Creio que nestas coisas, tem de aparecer projetos alternativos. Juntar um grupo de pessoas para discutir e construir algo que seja viável, mas que mostre de forma diferente dos atuais grupos económicos, um projeto de qualidade, do qual as pessoas não se importam de pagar para ver, ou ler. Não consigo entrar em detalhes, mas creio que - pelo menos em Portugal e Espanha, países em crise - deveria ser a altura de se pensar e erguer um ou vários projetos alternativos ao atual, com públicos específicos, com métodos diferentes de financiamento, com métodos diferentes de estrutura organizativa, no sentido de mostrar que existem alternativas ao que há agora. 

Porque... tal como está agora, o destino será o encolhimento e o desaparecimento. E em breve, ouviremos falar de mais jornais e revistas como o "Publico" ou o "Autosport", que se encolherão ou desaparecerão.

Post Scriptum: O Diário Económico avança esta tarde com a noticia de que o Grupo Impresa vendeu a Autosport e o Volante para a Moonmedia, detido por Pedro Correa Mendes, o que poderá fazer continuar a produzir não só ambos os títulos, como salvar parte dos jornalistas que trabalham por lá. Veremos se haverá alguma mudança nos métodos de trabalho e uma maior qualidade das revistas, pois caso contrário, será apenas um prolongar da agonia, algo que ninguém quer. 

2 comentários:

Julio Cezar Kronbauer disse...

No Brasil, os jornais estão começando a tomar outro foco. Em vez de apenas informar, tentam repercurtir o que aconteceu no dia anterior, supondo que as pessoas já saibam das notícias.

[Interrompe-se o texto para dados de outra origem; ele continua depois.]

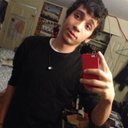 Bryan Robles - @BryanRobles_ - Twitter
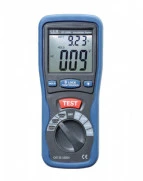 CEM DT-5500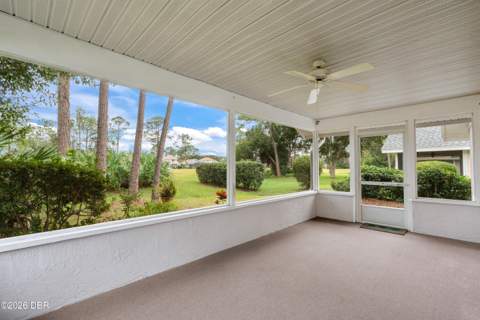 245 Glenbriar Circle, Daytona Beach FL - photo 21 of 41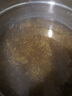 家庭自釀啤酒工具全套設(shè)備煮麥芽糖化鍋磨碎機(jī)發(fā)酵桶釀啤酒機(jī)商用 豪華版 曬單實(shí)拍圖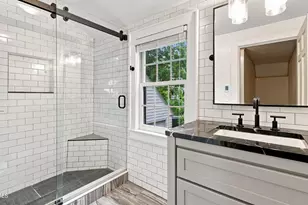 444 Pomeroy Ave, Pittsfield, MA 01201 - Photo 36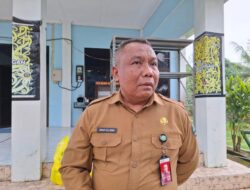 ISPA Merebak di Musim Pancaroba, Berisiko Tinggi Terjadi di Lingkungan dengan Interaksi Tinggi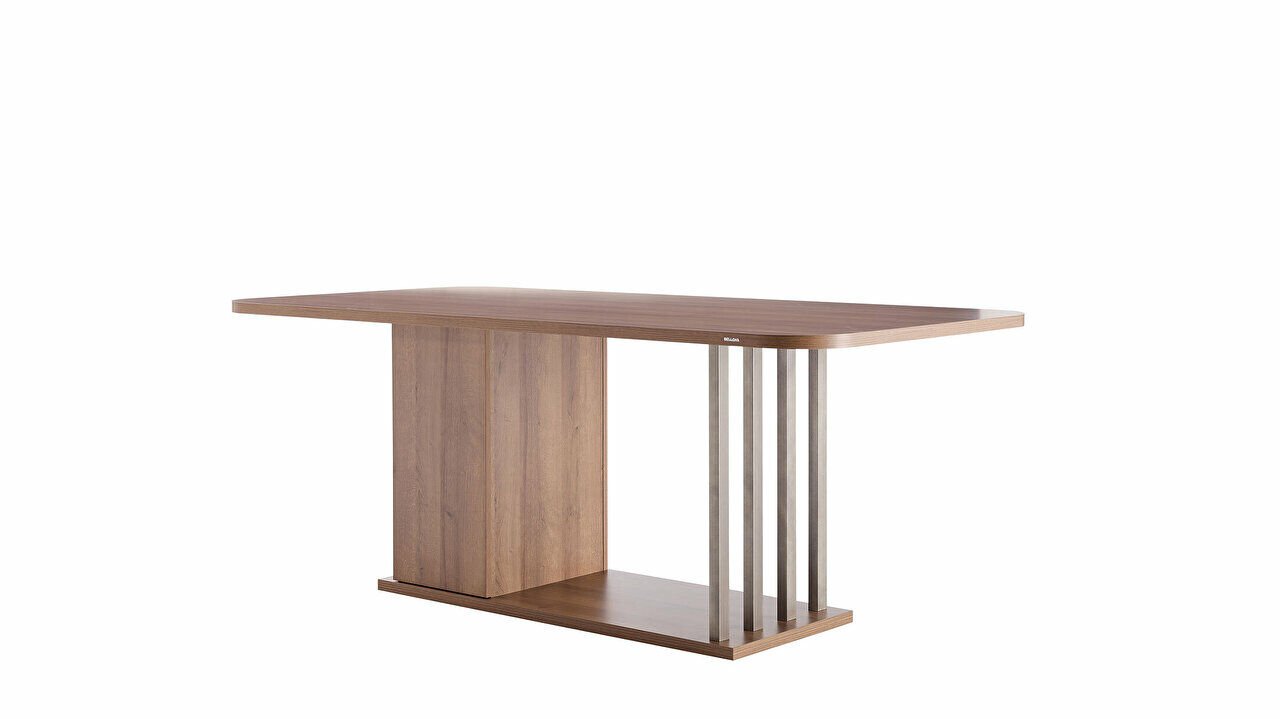 product__photo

Além disso, vendem a versão digital do produto, como se fosse uma assinatura mesmo, mas com mais vantagens: acesso no site a notícias bloqueadas para o público em geral, versões para tablets ou outros dispositivos móveis, entre outras regalias.

Acredito que o rádio está cada vez mais forte no Brasil, pois é a forma mais fácil para acesso à informação pelas pessoas que vivem em lugares de difícil acesso, onde não há nem energia elétrica.

Para tirar proveito da internet, muitas emissoras fornecem um streaming para que quem estiver longe de sua terra natal possam se sentir um pouco em casa, além da possibilidade de transmitir conteúdo alternativo na web no horário que, na forma tradicional, retransmitem a "Voz do Brasil", programa de notícias produzido pelo governo brasileiro, criado por Getúlio Vargas, na década de 1930, e que, até hoje, é obrigatório para qualquer emissora de rádio brasileira transmitir no horário entre 19 e 20 horas.

Daqui, sinto que o que faltou para a imprensa portuguesa é ter se reinventado "antes que a bolha estourasse".

kimi_cris disse...

O fim do Autosport já se adivinhava á muito, é natural que com o decrescimento da qualidade tivessem menos lucro, enfim é o nosso pais que vai de mal a pior.